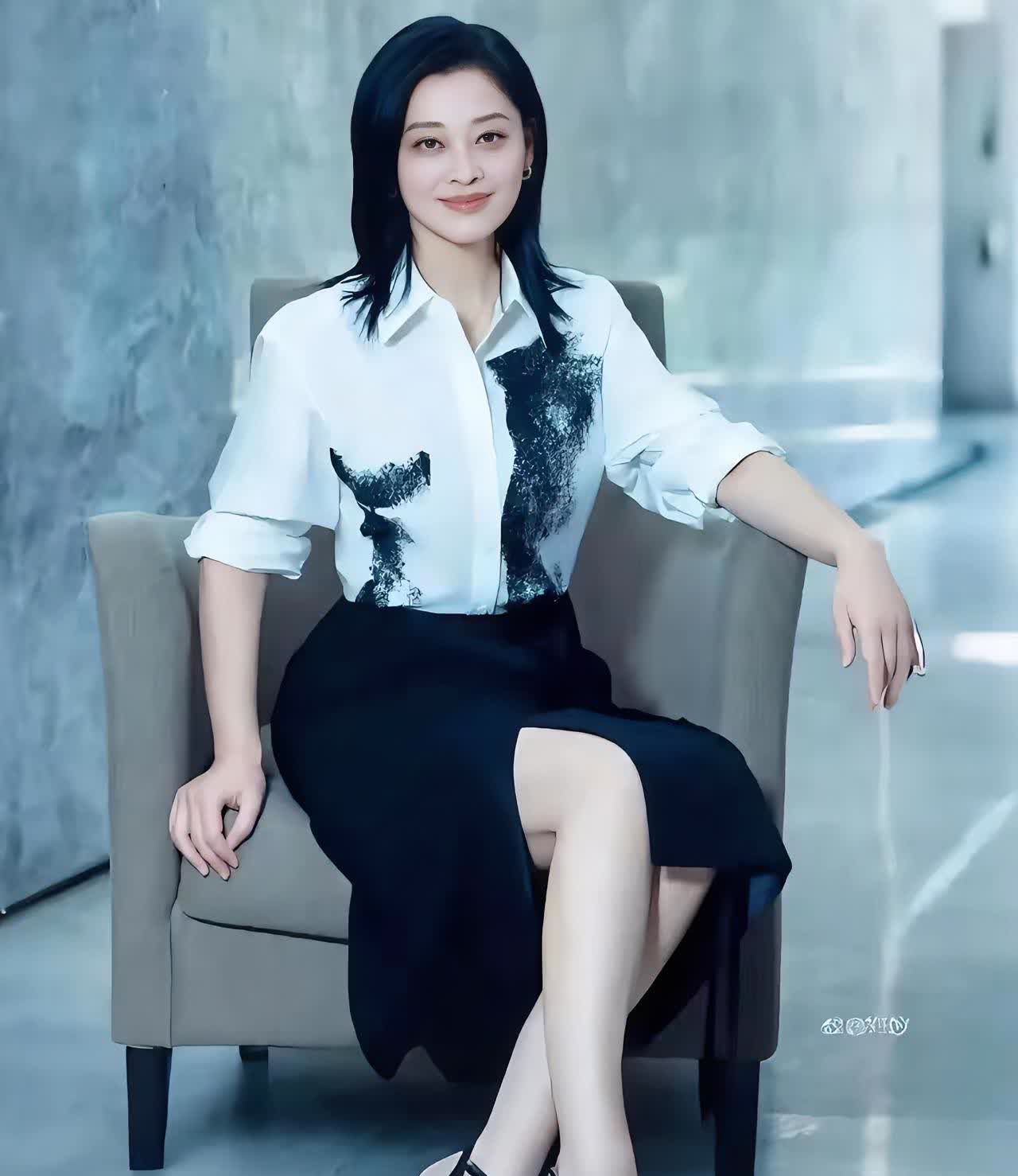 梅婷，说不出来的美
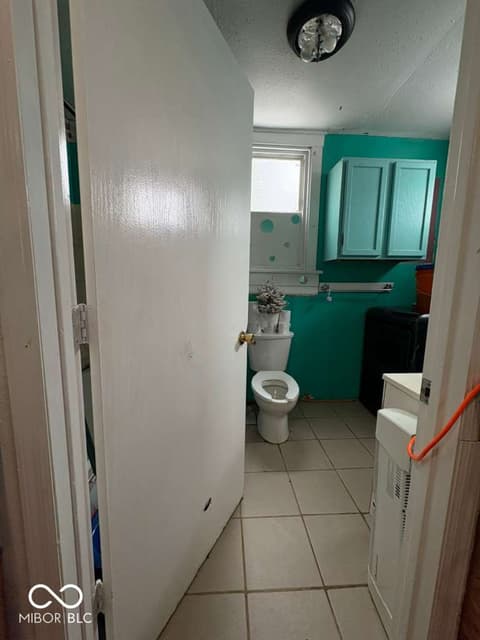 Bathroom at 1839 Singleton Street, Indianapolis, IN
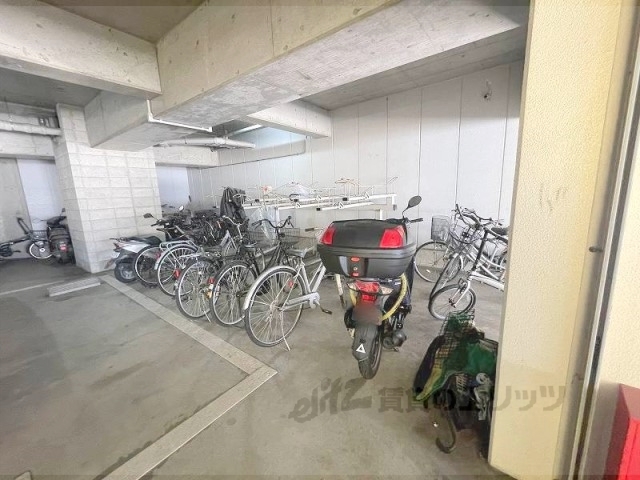 その他　駐輪場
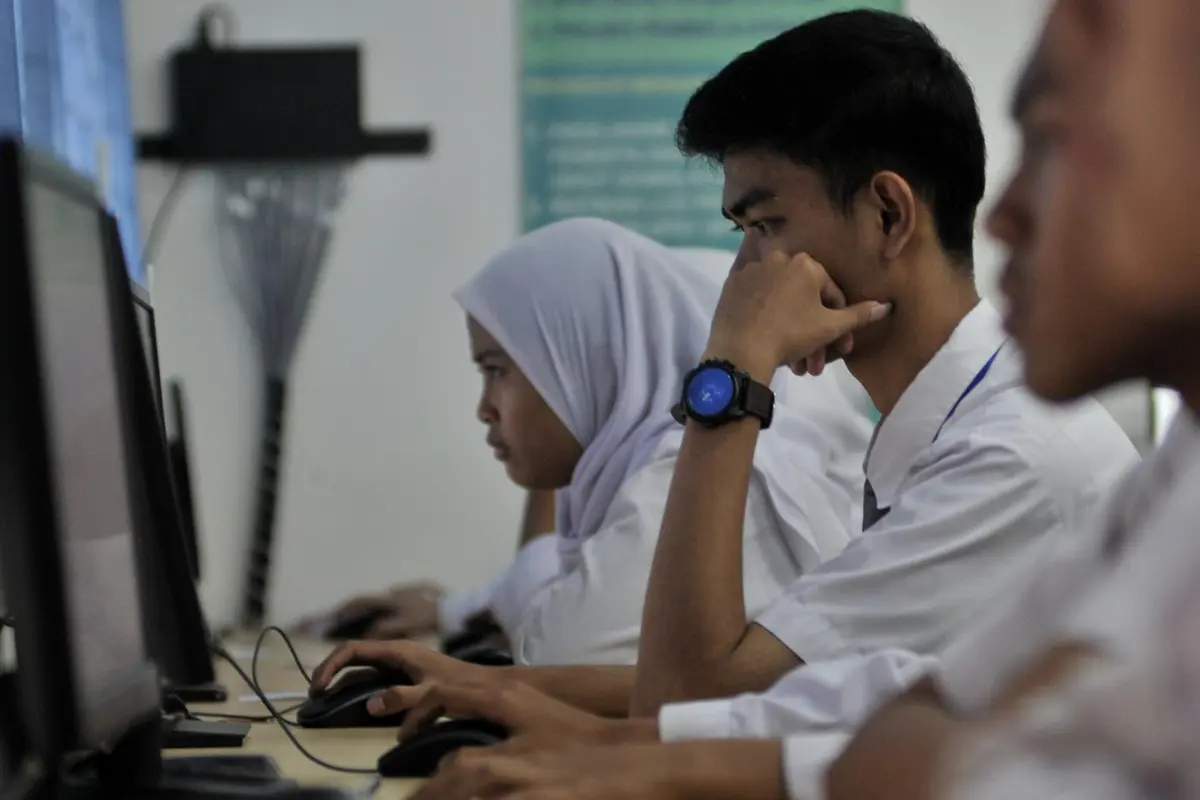UNBK SMK 2019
------------------------------
Your objective:
Return the full set of lines above word for word and with no pictures.

Solution to the problem:
 梅婷，说不出来的美
 Bathroom at 1839 Singleton Street, Indianapolis, IN
 その他　駐輪場
UNBK SMK 2019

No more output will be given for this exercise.